== Try it ==
Filter the records below down to lines containing "Image".

+++

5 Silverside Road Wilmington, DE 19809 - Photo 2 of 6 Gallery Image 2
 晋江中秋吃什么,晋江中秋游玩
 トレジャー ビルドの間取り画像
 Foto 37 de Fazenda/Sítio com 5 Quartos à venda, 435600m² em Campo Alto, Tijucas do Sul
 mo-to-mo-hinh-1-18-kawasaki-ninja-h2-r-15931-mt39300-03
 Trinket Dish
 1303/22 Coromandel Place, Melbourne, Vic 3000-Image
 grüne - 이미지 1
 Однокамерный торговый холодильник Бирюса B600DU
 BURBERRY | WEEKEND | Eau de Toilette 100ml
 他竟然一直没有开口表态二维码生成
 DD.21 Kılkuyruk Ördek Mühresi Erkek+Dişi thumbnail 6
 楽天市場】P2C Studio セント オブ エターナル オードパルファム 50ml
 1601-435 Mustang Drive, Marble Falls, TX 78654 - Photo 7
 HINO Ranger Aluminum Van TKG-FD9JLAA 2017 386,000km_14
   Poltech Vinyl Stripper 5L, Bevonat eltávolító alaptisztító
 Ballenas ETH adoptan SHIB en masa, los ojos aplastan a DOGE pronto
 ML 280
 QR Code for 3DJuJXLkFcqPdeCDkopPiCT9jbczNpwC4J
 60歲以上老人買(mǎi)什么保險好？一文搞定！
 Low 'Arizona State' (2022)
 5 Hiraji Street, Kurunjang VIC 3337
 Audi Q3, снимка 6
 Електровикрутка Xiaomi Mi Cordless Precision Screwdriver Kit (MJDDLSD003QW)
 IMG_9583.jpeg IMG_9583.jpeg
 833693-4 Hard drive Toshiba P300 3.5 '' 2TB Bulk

+++

== Response box ==
5 Silverside Road Wilmington, DE 19809 - Photo 2 of 6 Gallery Image 2
 1303/22 Coromandel Place, Melbourne, Vic 3000-Image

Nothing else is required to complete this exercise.